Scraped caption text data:
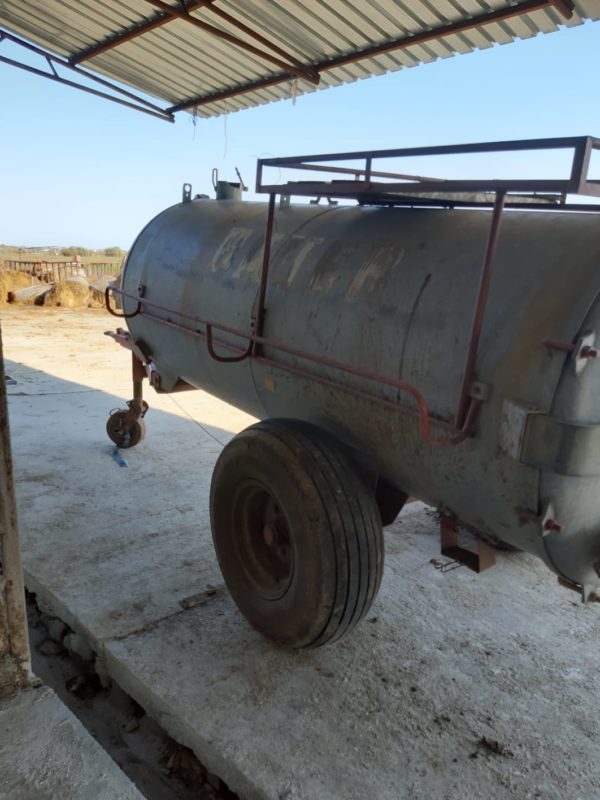 Cisterna-6000l-1 Cisterna-6000l-1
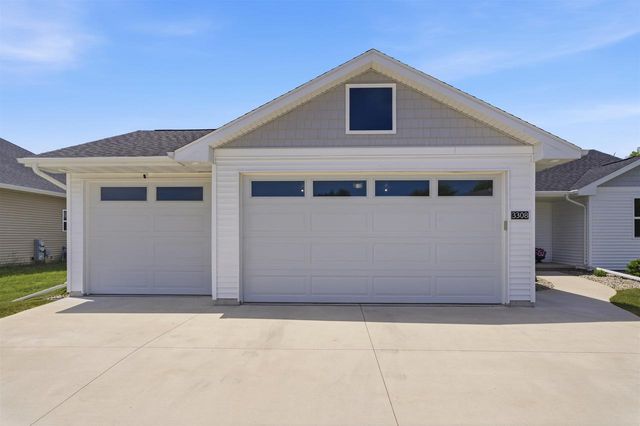 3308 ISAAC LANE, Oshkosh, WI 54902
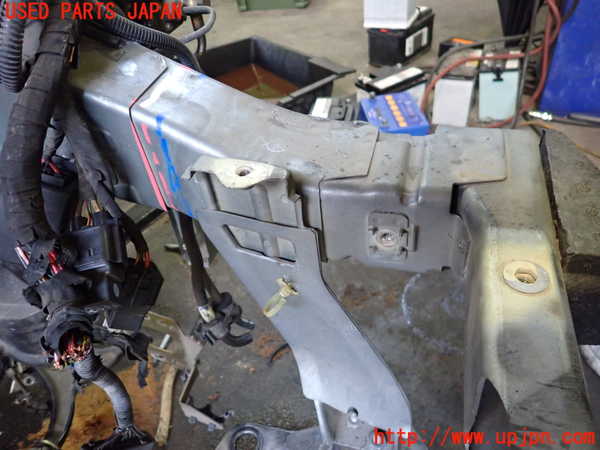 2UPJ-30711042]アルファロメオ・147 GTA(937AXL)コアサポート（カット） 中古_m0002.jpg
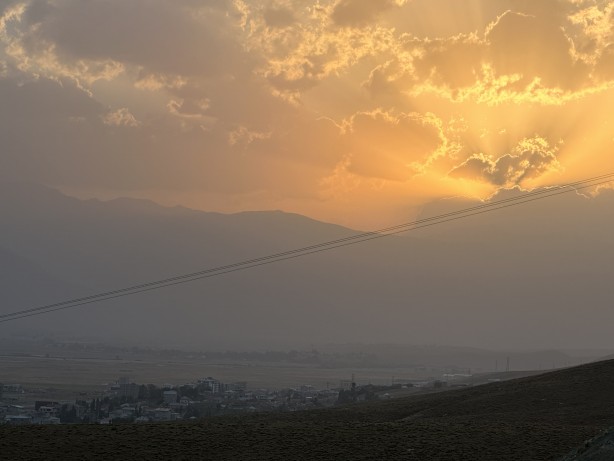 Foto - Görenleri şaşkına çeviren anlar! Dağlar kayboldu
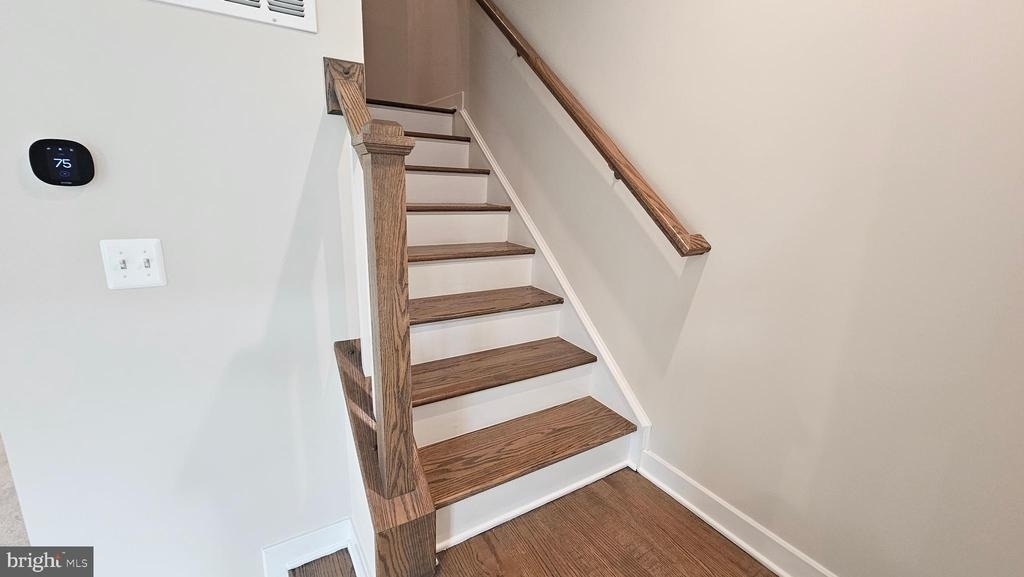 16437 Fife Way - Photo 14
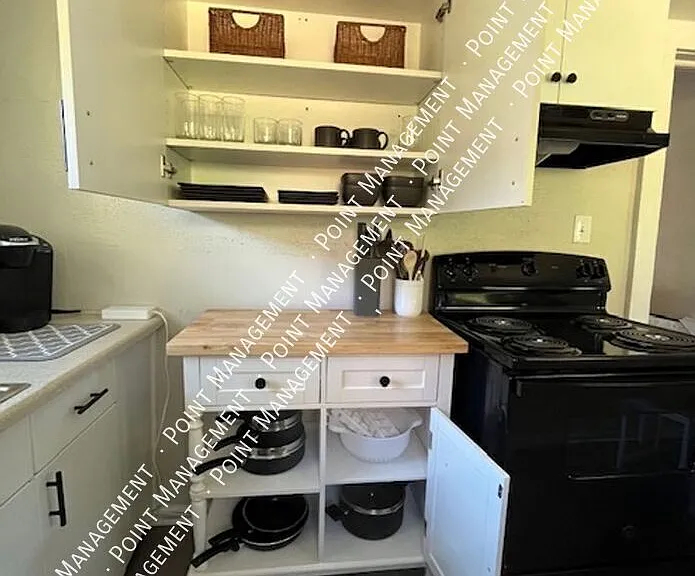 2047 Denniston Ave SW — Photo 8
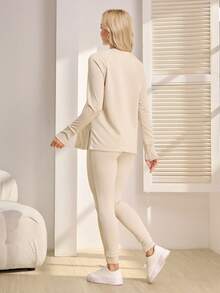 SHEIN 2 piezas Conjunto de enfermería - Top de manga larga de cuello redondo de unicolor y pantalones largos - Caqui - Ver 2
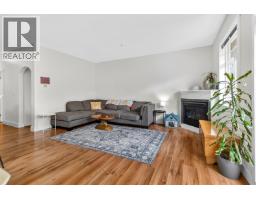 4 809 North Road, Gibsons, BC V0N1V9 Photo 12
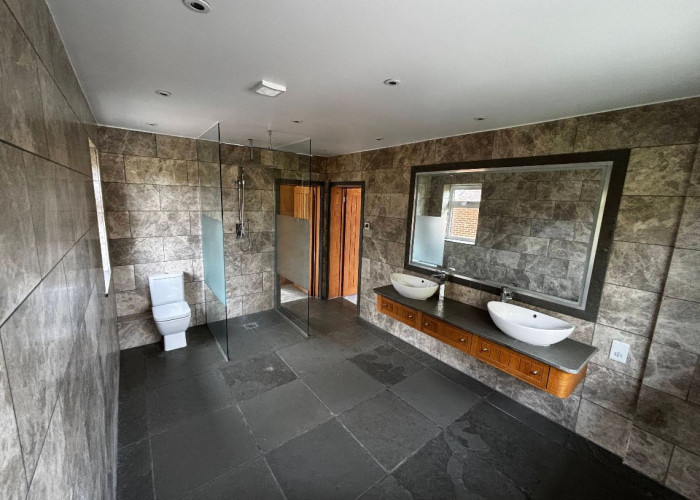 59. Bathroom (Large), Bathroom (2 sinks), Bathroom (Shower and bath)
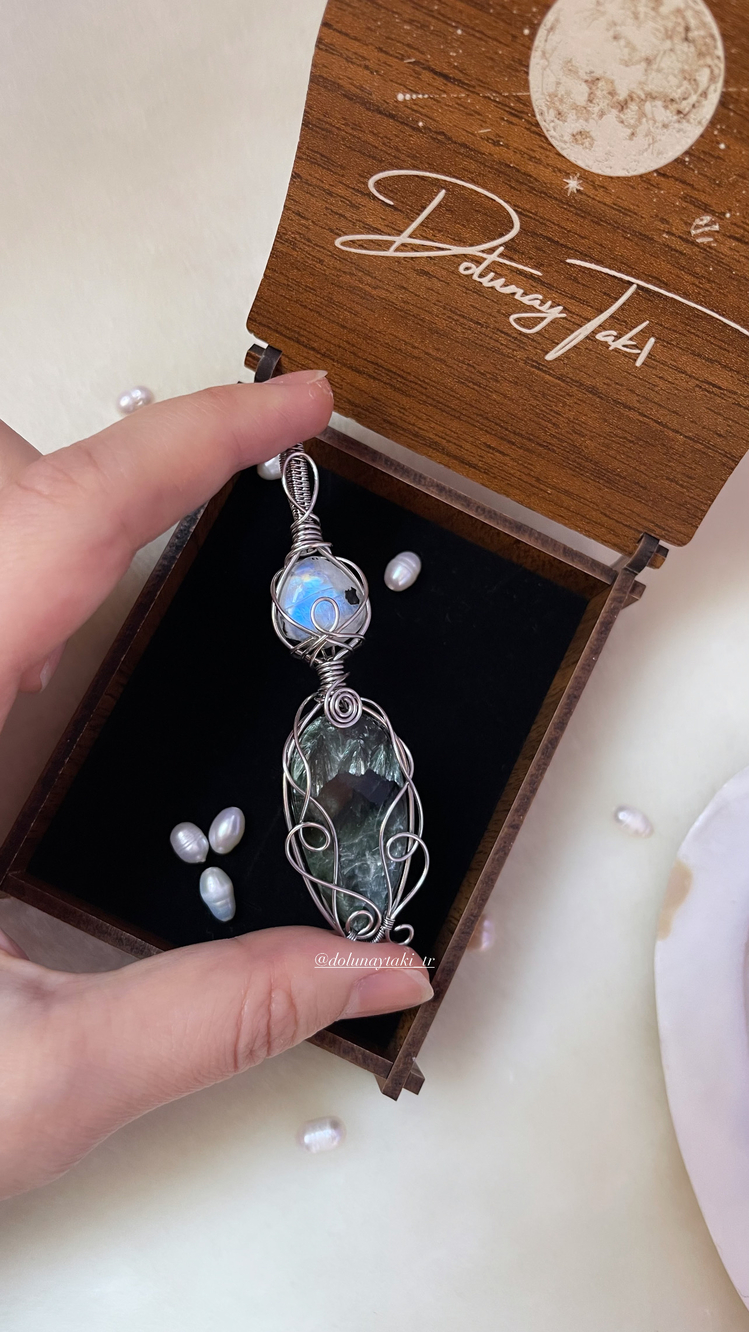 Aytaşlı Melek Kanadı Seraphinite Çelik Kolye (Ahşap Kutulu)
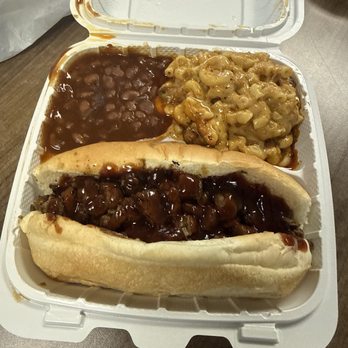 DJ's Tri-Tip - Plate - Food Trucks Near Me - Manteca, California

▸ **Your assignment**:
Once the images are removed, print the remaining data exactly as it appears above.

▸ **Exercise result**:
 Cisterna-6000l-1 Cisterna-6000l-1
 3308 ISAAC LANE, Oshkosh, WI 54902
 2UPJ-30711042]アルファロメオ・147 GTA(937AXL)コアサポート（カット） 中古_m0002.jpg
 Foto - Görenleri şaşkına çeviren anlar! Dağlar kayboldu
 16437 Fife Way - Photo 14
 2047 Denniston Ave SW — Photo 8
 SHEIN 2 piezas Conjunto de enfermería - Top de manga larga de cuello redondo de unicolor y pantalones largos - Caqui - Ver 2
 4 809 North Road, Gibsons, BC V0N1V9 Photo 12
 59. Bathroom (Large), Bathroom (2 sinks), Bathroom (Shower and bath)
 Aytaşlı Melek Kanadı Seraphinite Çelik Kolye (Ahşap Kutulu)
 DJ's Tri-Tip - Plate - Food Trucks Near Me - Manteca, California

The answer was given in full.